Figures
Abstract
Introduction
Sugar-sweetened beverage (SSB) taxes have been implemented worldwide to raise revenue and reduce consumption of SSBs, which is associated with health harms. Empirical evaluations have found that these taxes are successful at reducing demand for SSBs; however, SSB taxes face opposition, in part because of claims that they will lead to substantial job losses. The purpose of this study is to examine the impact of the San Francisco SSB tax, implemented on January 1st, 2018, on employment.
Methods
Monthly employment counts were obtained from the Bureau of Labor Statistics from January 2013 (5-years pre-tax) through December 2019 (2-years post-tax) for the overall economy, private sector, supermarkets and other grocery stores, convenience stores, limited-service restaurants, and beverage manufacturing. A synthetic control analysis was conducted for each employment outcome. The synthetic controls (i.e., estimated counterfactuals) were generated from a pool of urban control counties using pre-tax labor market-related characteristics.
Results
The synthetic controls had similar labor market-related characteristics and employment outcomes to those in San Francisco in the pre-tax period. Up to 2 years post-tax, differences in employment between San Francisco and the synthetic controls were small and not “statistically significant” based on placebo tests for all employment outcomes.
Citation: Marinello S, Leider J, Powell LM (2021) Employment impacts of the San Francisco sugar-sweetened beverage tax 2 years after implementation. PLoS ONE 16(6): e0252094. https://doi.org/10.1371/journal.pone.0252094
Editor: Guillermo Paraje, Universidad Adolfo Ibanez, CHILE
Received: March 4, 2021; Accepted: May 9, 2021; Published: June 2, 2021
Copyright: © 2021 Marinello et al. This is an open access article distributed under the terms of the Creative Commons Attribution License, which permits unrestricted use, distribution, and reproduction in any medium, provided the original author and source are credited.
Data Availability: All relevant data are within the paper and its Supporting Information files.
Funding: This study was supported by a grant (grant number 49255 (LP)) from Bloomberg Philanthropies’ Obesity Prevention Initiative (www.bloomberg.org). The contents of this publication do not necessarily reflect the views or policies of Bloomberg Philanthropies. The funder had no role in the design and conduct of the study; collection, management, analysis, and interpretation of the data; preparation, review, or approval of the manuscript; and decision to submit the manuscript for publication.
Competing interests: The authors have declared that no competing interests exist.
Introduction
Sugar-sweetened beverage (SSB) taxes are increasingly being implemented as a policy tool to both raise revenue and reduce demand for SSBs given the link between SSB consumption and health harms such as diabetes, obesity, and cardiovascular disease [1–3]. Various forms of SSB taxes (hereafter, SSB taxes refer to taxes on SSBs alone and taxes applied to both SSBs and artificially sweetened beverages) are now present in more than 45 countries worldwide and seven U.S. cities [4, 5]. Numerous evaluations of these taxes have shown that they are effective in reducing the demand for SSBs [6–8]: a recent meta-analysis of SSB tax evaluations conducted in the Region of the Americas assessing price responsiveness of demand for SSBs estimated that a SSB tax that raises prices by 20% is associated with a 27% reduction in demand [5].

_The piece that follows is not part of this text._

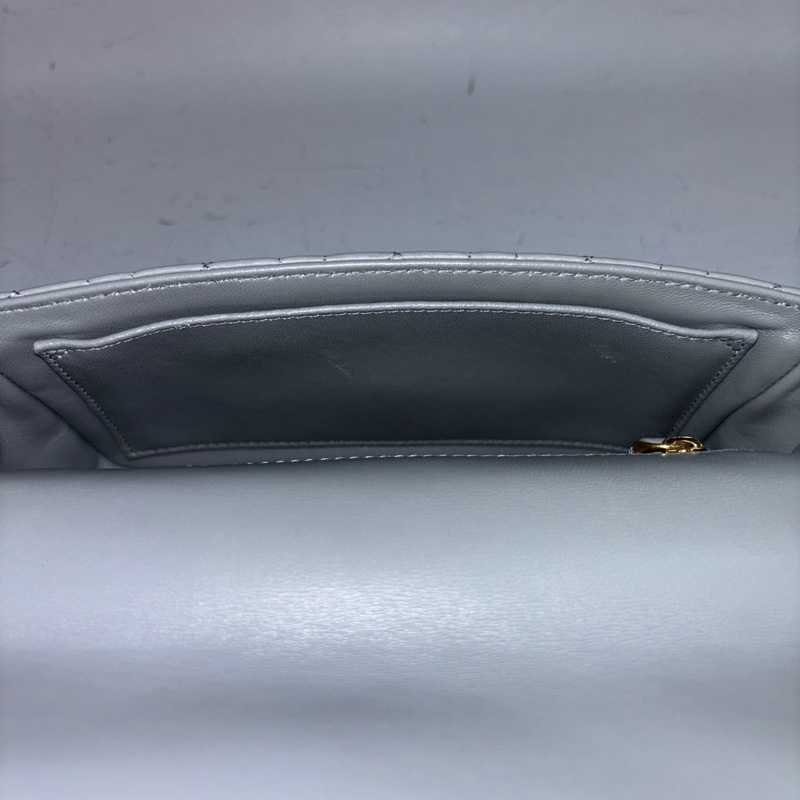 Dior 灰色小牛皮金鍊黛妃紋小號Caro肩背包 斜背包-31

Nonetheless, policymakers face substantial opposition to SSB taxes. One such oppositional argument, which has also been made against tobacco and alcoholic beverage taxes, is that these taxes will lead to considerable job loss [7]. Industry and other stakeholders argue that lower sales of SSBs will result in job loss particularly in the industries involved in the production, distribution, and sale of these products. However, some of the lost sales for taxed SSBs will be made up in part from substitution by consumers to untaxed beverages, often produced by the same companies. In addition, money that would have been spent on taxed beverages will be reallocated to other goods and services, thereby creating new jobs in the economy. Further, government spending from the additional tax revenue will also generate new jobs. Thus, there may indeed be some structural shifts in employment, with losses in some industries and gains in others, but SSB taxes, similar to other health taxes, are not expected to result in overall job losses [7].

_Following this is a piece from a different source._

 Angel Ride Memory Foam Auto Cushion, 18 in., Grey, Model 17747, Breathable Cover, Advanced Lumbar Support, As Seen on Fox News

According to a recent systematic review of diet-related fiscal policies, the evidence base on the labor market impacts of SSB taxes is limited [9]. Further, the current literature includes a number of industry-funded modeling studies that estimate gross job losses from partial analyses [9]. Non-industry peer-reviewed modeling and empirical studies, on the other hand, have consistently found no net reductions in employment or increases in unemployment [9]. One such study assessed the impact of a hypothetical 20% SSB tax on employment for two U.S. states (California and Illinois) accounting for substitution, income effects, and government spending and found reductions in employment in the beverage industry but no net reductions in private sector or overall employment [10]. With respect to empirical tax evaluation studies, following the implementation of the 2014 Mexico taxes on SSBs and nonessential energy-dense foods, a study found no pre- to post-tax changes in employment in related manufacturing industries and a slight increase in food and beverage store employment [11]. Additionally, the study showed no adverse impact on unemployment [11]. In the U.S., two tax evaluations have assessed labor market outcomes following the introduction of the 2017 Philadelphia, PA, sweetened beverage tax imposed on both SSBs and artificially sweetened beverages. The first study found no statistically significant pre- to post-tax changes in monthly unemployment claims in Philadelphia relative to claims in adjacent counties in industries that might have been negatively impacted by the tax [12]. The second study conducted a synthetic control analysis to evaluate the effect of the tax on the number people employed in the overall economy, the private sector, and industries that sell sweetened beverages and found no negative impact up to 2.5 years post-tax [13].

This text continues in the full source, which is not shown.